Resonance shifts and lifetime extraction: The frequency and linewidth of DQ signals encode direct information on biexciton binding, dephasing rates, and correlations, as resolved via fitting to multidimensional spectra (Tollerud et al., 2016, Timmer et al., 2024).

5. Methodological Comparison and Optimization

The efficiency, robustness, and selectivity of DQ excitation schemes are highly sensitive to the choice of pulse sequence, excitation mechanism, and experimental regime.

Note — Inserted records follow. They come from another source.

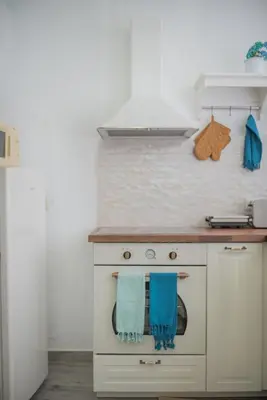 a kitchen with a stove with blue towels on it at Philoxenia traditional house in Pastida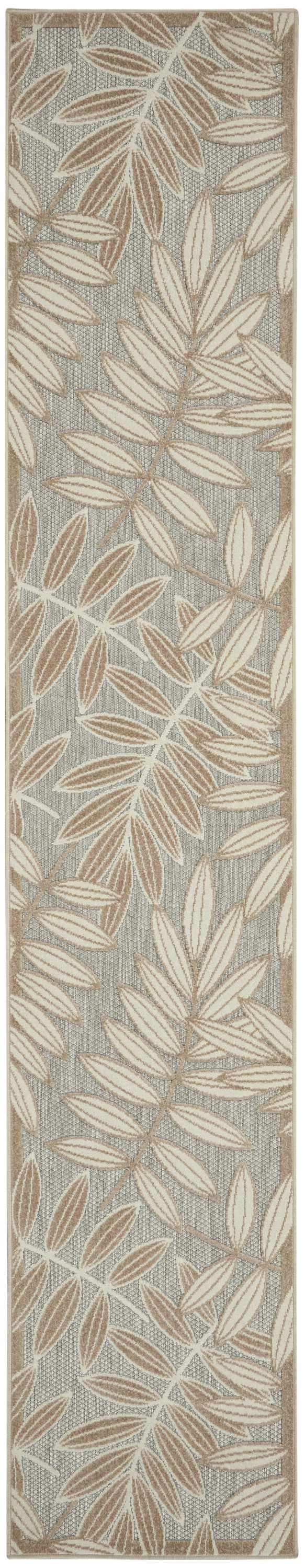 Close-up of Nourison Aloha Natural Tropical Area Rug. Beige and brown leaves on a textured gray background.
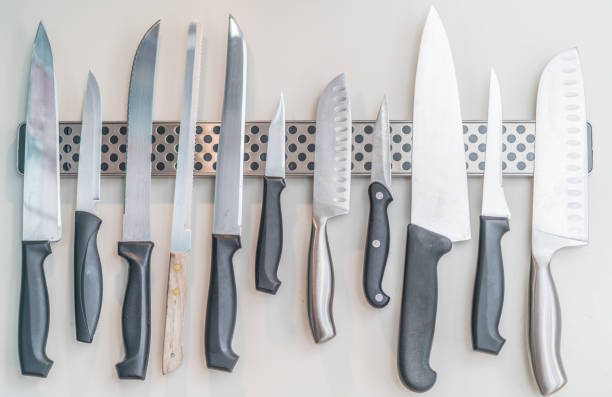 istock Domestic kitchen knives arranged on magnetic knife rack 870994294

The following table summarizes representative DQ methods and regimes:

Platform/Regime	Scheme/Block Type	Key Features
cQED, two qubits	Longitudinal + counter-rot.	One-photon/two-qubit, tunable interference, fast 3rd-order coupling
2D Spectroscopy	3-pulse, phase-cycling	Isolates 2Q coherence via pathways, pathway-selective masking
NMR, near-equivalent ½	Spinor, symmetry/SLIC	2π cycle exploits sign inversion, robust to field inhomogeneity
Solid-state HMQC, 14N	SLP, DANTE, XiX, HP	SLP gives broadband robust DQ transfer for high C_Q, SLP > DANTE > XiX/HP (Rankin et al., 2020)
NV Center Magnetometry	Dual-frequency MW	Drives Δm=2, 2× enhanced phase accumulation, SNR up to 4×

With increasing system complexity, tailored schemes—e.g., sideband-selective long pulses for quadrupolar DQ coherence, compensated SLIC for robust DQ prep in near-equivalent NMR pairs—outperform generic hard-pulse protocols, often achieving high efficiency across broad offset and inhomogeneity distributions (Heramun et al., 8 Feb 2026, Rankin et al., 2020). Optimization involves balancing excitation bandwidth, rf-amplitude constraints, and characteristic interaction scales.

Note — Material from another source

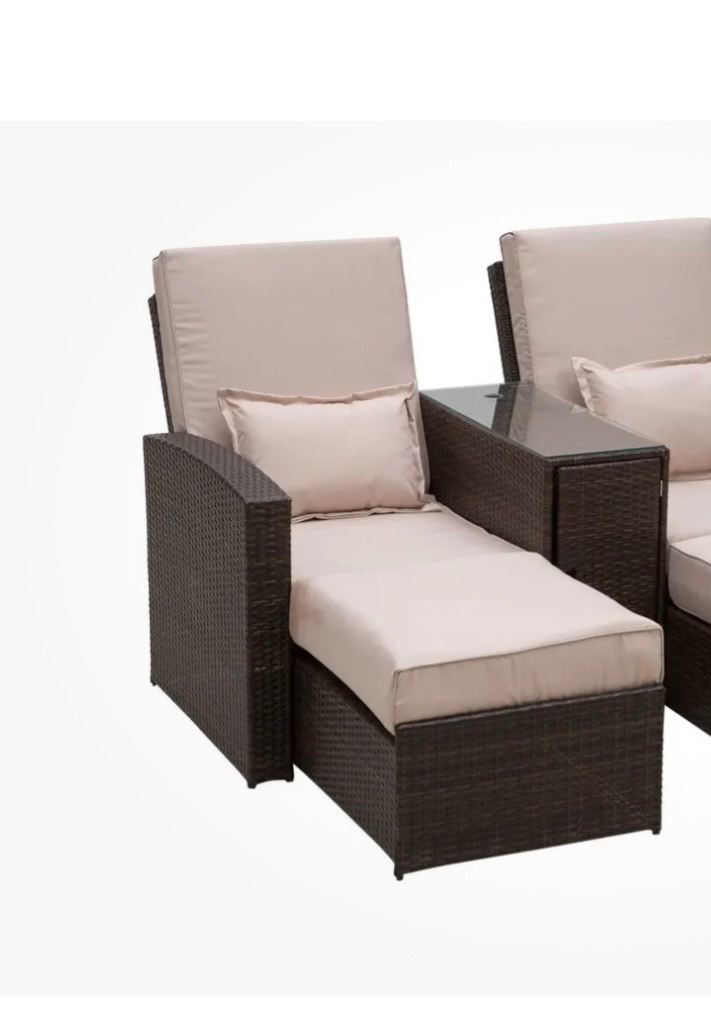 Rattan double chairs/sunbeds.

6. Applications, Impact, and Outlook

The impact of double-quantum excitation schemes is evident in multiple areas:

Correlated carrier and excitonic system characterization: DQ spectroscopy uniquely isolates many-body contributions and reveals interactions at excitation-density or spatial scales invisible to one-quantum techniques (Tollerud et al., 2016, Tollerud et al., 2016).
Quantum information and metrology: In systems such as singlet fission materials, DQ-selective pulse protocols permit optical initialization and arbitrary qubit operations within entangled subspaces at ambient conditions; similar protocols in NV centers directly enhance sensitivity in quantum magnetometry and NMR (Mamin et al., 2014, Smyser et al., 2020).
Nonlinear and quantum optics: In cQED and atomic vapors, DQ transitions enable new types of photon conversion (one-to-two excitation, entanglement generation) and serve as diagnostic tools for broadband line-shape analysis and material response (Wang et al., 2017, Falvo et al., 2023, Tomonaga et al., 2023).
Quantum two-photon spectroscopy: Entangled-photon based interferometric DQ schemes offer simultaneous, high-resolution access to the two-photon excited-state manifold with dramatically reduced photon fluxes, beneficial for fragile samples (Chen et al., 2021).

A plausible implication is that continual advances in phase-cycling methodology, quantum control hardware, and cavity engineering will further expand the reach and selectivity of DQ excitation protocols, enabling new probes of entanglement, decoherence, and many-body quantum dynamics across the spectrum of physical sciences.